### [TASK ITEM]
Within the records below is a range that opens at the line with "MIZUNO Core Impulse" and closes at the line with "Bed from bedding". Return that range word for word, both ends included, and only that range.

### [DATA]

★ ★ ★ ★ ★ ★ ★

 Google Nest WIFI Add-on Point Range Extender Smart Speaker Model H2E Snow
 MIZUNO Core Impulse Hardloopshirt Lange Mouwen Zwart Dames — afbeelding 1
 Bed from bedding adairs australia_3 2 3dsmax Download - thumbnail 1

★ ★ ★ ★ ★ ★ ★

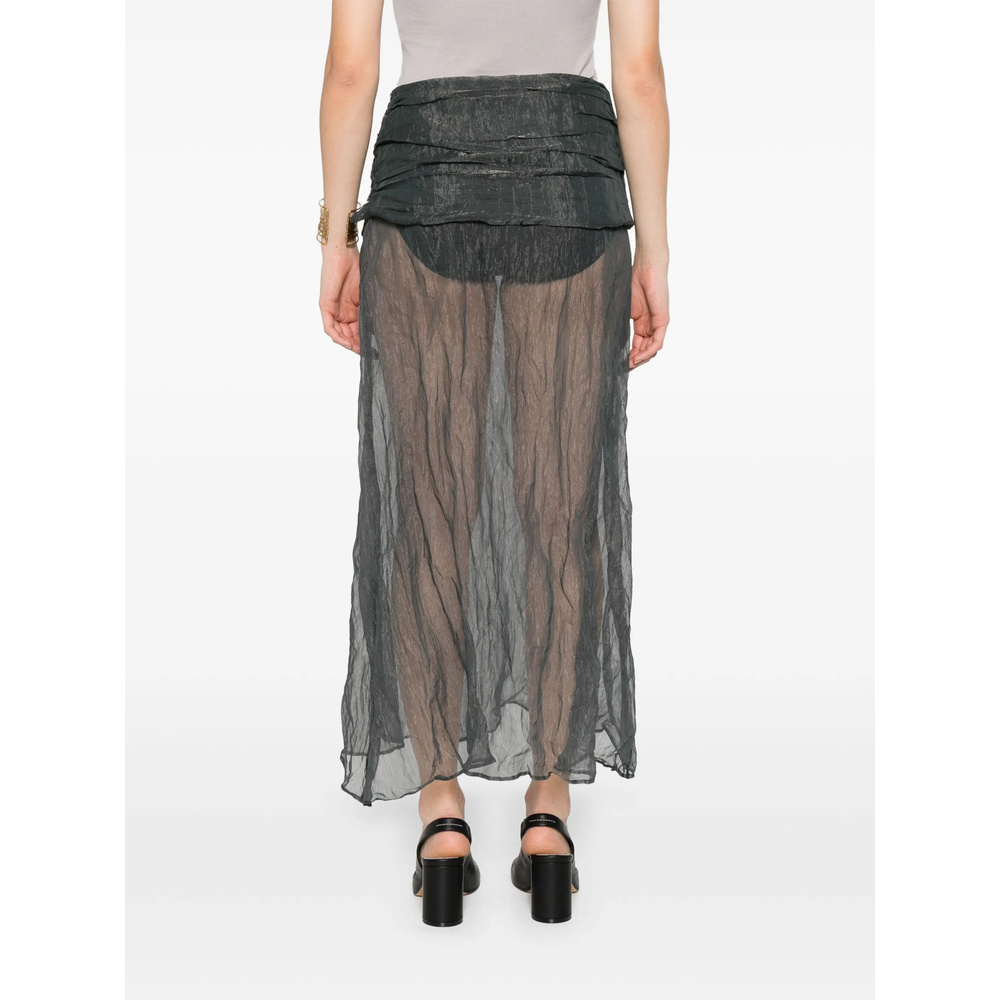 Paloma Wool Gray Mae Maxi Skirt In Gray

★ ★ ★ ★ ★ ★ ★

### [RESULT FOR THIS TASK]
 MIZUNO Core Impulse Hardloopshirt Lange Mouwen Zwart Dames — afbeelding 1
 Bed from bedding adairs australia_3 2 3dsmax Download - thumbnail 1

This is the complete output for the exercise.